De acuerdo con información difundida por diversos canales de Telegram y replicada por medios independientes, el alto oficial participaba en una celebración privada con motivo de su cumpleaños en un exclusivo restaurante de la capital rusa. Al encuentro habrían asistido también altos mandos del Servicio Federal de Seguridad (FSB), generales del Ministerio de Defensa, parlamentarios y otras autoridades.

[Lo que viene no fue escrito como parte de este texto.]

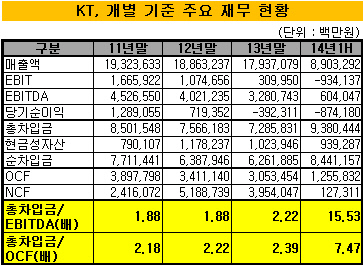 KT 등급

Según la investigación preliminar, una mujer que se presentó como repartidora intentó ingresar al recinto con un paquete que contenía un artefacto explosivo de fabricación casera. La carga, con una potencia equivalente a cerca de un kilogramo de TNT, habría sido detonada a distancia cuando un guardia de seguridad inspeccionaba el contenido del paquete.

El Comité Nacional Antiterrorista confirmó que entre las víctimas fatales se encuentran la mujer que portaba el explosivo, un guardia de seguridad y asistentes al evento. Posteriormente, dos personas fallecieron mientras recibían atención médica, elevando el balance a cinco muertos. Además, al menos 21 personas resultaron lesionadas y seis permanecen en estado grave.

El alcalde de Moscú, Serguéi Sobianin, calificó el hecho como un atentado terrorista y aseguró que las autoridades están prestando asistencia a los heridos mientras continúan las investigaciones para esclarecer lo ocurrido.

Alexandr Chaiko asumió recientemente la jefatura de las Fuerzas Aeroespaciales Rusas y anteriormente estuvo al mando del Distrito Militar Oriental durante los primeros meses de la guerra entre Rusia y Ucrania. Diversos medios recuerdan que, desde el inicio del conflicto, los servicios de inteligencia ucranianos han sido vinculados a operaciones dirigidas contra altos mandos militares rusos, aunque hasta ahora no existe una atribución oficial de responsabilidad por este atentado.